I have so many sentences underlined and so many exclamation points in the margin of this book, I wasn’t sure what to share. Should I comment on how something simple like grass and trees can make a huge difference or if teacher professional development isn’t a non-negotiable, it all might fall apart? There are so many statements about school reform, educators, administrators and every other player involved that had me shouting, “yes!” I wanted to just reprint parts of this book to make sure people read them. School reform stories are electrically charged. This one is no exception and because I fear I could go off on several tangents, I’ll just stick to the book, not the issues it brings out.
Stray Dogs, Saints and Saviors is the story of Locke High School. Located in the infamous Watts section of South Central, LA. Locke is the seemingly stereotypical inner city high school we hear horror stories about on 20/20 or Nightline. There were gang wars, horrendous failure and dropout rates and apathetic school systems running the show. Then a group of parents and educators decided to step in and try to do something to take their school back and possibly even help rescue a community.
That’s where Russo takes us.

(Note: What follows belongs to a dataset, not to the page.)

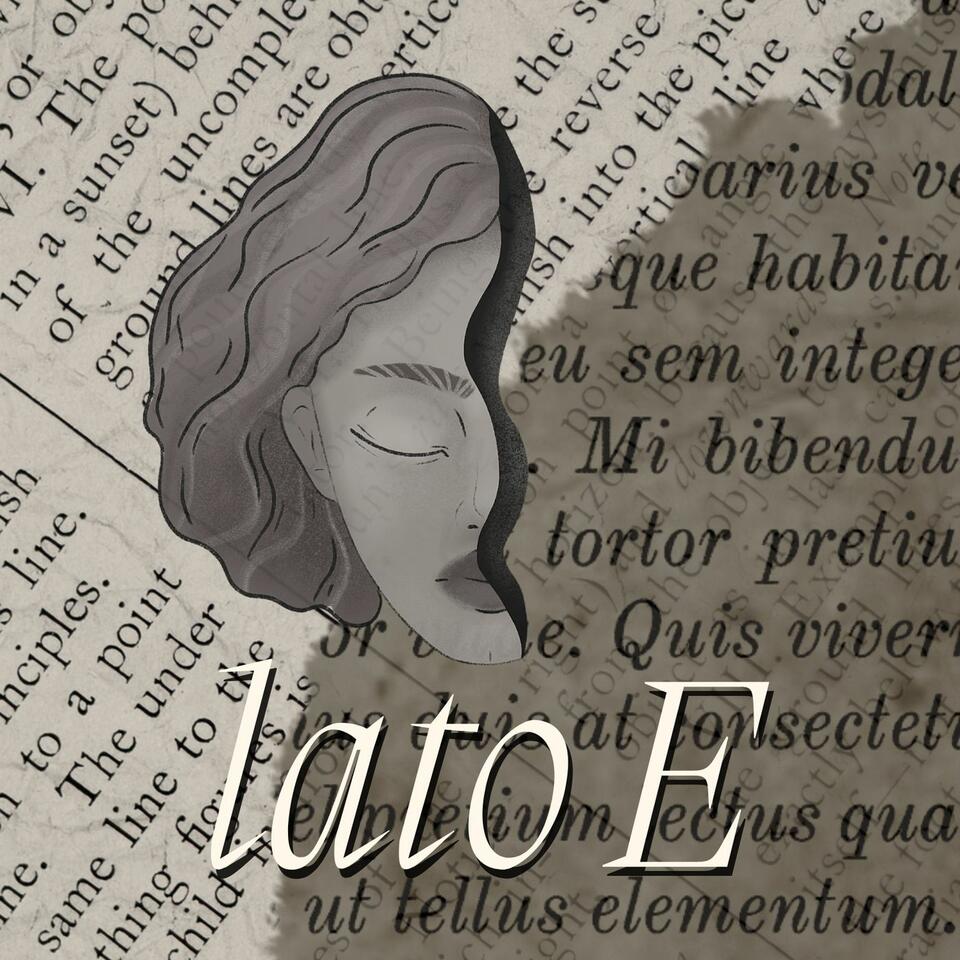 Lato E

He spent a year in residence chronicling the goings-on at Locke and it’s (as expected) often not pretty, but it’s always honest. At it’s basic level, this book is the story of Locke, the Green Dot Charter Organization and the community of South Central. At it’s depth, this book is an excellent example of the work that it takes to turn around a school, the dedicated people that are necessary and the countless land mines they must navigate in order to do their jobs every single day. I love the way this work is described on the book jacket.
“What’s it like to try to turn around a broken school without stripping it beyond all recognition?… It’s a trickle of halting, incremental successes totally incompatible with the familiar Hollywood portrayal of instant results and individual heroes”
Indeed, there are no Jaime Escalantes here. In fact, the one staff member I loved, not just because of her UofMD roots, but because of her total dedication to kids and her seemingly low bullshit bar for everyone else, ends up mysteriously leaving the school like the Colts bolted Baltimore because of “something she did”.
This doesn’t mean that there aren’t moments in this book where you want to stand up and cheer and people you want the world to know about and celebrate. It just means this is a realistic picture and those moments are fleeting and the people still deeply flawed.
The story is compelling, but I believe it’s Alexander Russo’s style that makes it a book you want to read, not just a tale you want to hear about. He takes non-fiction and makes it what I called earlier a heartbreaking, maddening journey that you’ll find you’re reluctant to stray from.
No matter where you stand on the issues surrounding school reform, everyone who cares about schools, kids or this country should read this book. It provides incredible perspective and maybe even a little bit of hope.
*I was provided a copy of Stray Dogs, Saints and Saviors by the publisher for review.